▸ EXERCISE INSTRUCTIONS: Print each line exactly, beginning with the one where "Charlotte - Sandales avec Brides et Franges" appears and ending at the last line below.

▸ STUDY MATERIAL:

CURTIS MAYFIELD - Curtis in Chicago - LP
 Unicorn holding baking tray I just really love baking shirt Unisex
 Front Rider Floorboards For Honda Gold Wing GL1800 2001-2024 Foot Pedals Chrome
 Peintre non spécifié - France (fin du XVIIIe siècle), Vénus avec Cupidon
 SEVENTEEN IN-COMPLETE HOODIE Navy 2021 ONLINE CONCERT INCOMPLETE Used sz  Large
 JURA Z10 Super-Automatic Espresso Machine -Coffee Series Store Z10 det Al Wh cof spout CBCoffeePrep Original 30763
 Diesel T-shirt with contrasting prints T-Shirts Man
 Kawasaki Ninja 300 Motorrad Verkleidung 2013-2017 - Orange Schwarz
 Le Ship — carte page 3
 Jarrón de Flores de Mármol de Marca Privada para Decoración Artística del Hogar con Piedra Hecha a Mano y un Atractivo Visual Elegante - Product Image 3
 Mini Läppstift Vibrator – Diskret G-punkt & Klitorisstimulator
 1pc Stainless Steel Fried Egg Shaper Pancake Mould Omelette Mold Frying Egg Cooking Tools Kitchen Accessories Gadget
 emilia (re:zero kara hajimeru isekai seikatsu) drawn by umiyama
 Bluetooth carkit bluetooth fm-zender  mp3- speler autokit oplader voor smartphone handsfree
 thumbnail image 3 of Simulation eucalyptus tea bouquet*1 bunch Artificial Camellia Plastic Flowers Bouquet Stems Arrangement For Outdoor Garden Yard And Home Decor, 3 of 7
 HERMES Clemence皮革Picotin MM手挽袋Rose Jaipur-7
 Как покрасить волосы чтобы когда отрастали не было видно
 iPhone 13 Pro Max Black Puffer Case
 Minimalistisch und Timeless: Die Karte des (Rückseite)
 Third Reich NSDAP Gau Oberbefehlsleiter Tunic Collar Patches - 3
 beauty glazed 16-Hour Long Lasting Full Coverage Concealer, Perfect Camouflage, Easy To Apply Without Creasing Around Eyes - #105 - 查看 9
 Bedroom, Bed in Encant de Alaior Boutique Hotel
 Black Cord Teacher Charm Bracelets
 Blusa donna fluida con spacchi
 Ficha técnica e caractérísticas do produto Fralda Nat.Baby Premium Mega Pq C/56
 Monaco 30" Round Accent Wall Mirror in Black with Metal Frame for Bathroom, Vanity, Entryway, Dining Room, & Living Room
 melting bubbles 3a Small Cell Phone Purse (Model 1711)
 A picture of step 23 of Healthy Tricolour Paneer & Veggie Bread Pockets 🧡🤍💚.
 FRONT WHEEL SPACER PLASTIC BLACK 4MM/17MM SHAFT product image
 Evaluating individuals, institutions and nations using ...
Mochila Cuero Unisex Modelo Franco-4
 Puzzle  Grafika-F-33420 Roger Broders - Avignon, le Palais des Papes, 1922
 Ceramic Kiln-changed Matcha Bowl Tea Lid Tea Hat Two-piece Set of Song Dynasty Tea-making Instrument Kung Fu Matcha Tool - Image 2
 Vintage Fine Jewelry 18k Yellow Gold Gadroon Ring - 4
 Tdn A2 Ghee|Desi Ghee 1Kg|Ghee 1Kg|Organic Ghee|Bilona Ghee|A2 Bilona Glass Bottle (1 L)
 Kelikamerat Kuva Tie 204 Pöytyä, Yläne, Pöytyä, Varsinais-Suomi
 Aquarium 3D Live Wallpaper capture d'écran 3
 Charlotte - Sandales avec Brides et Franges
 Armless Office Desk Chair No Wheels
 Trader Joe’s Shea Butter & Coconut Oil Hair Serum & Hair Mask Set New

▸ RESULT FOR THIS EXERCISE:
 Charlotte - Sandales avec Brides et Franges
 Armless Office Desk Chair No Wheels
 Trader Joe’s Shea Butter & Coconut Oil Hair Serum & Hair Mask Set New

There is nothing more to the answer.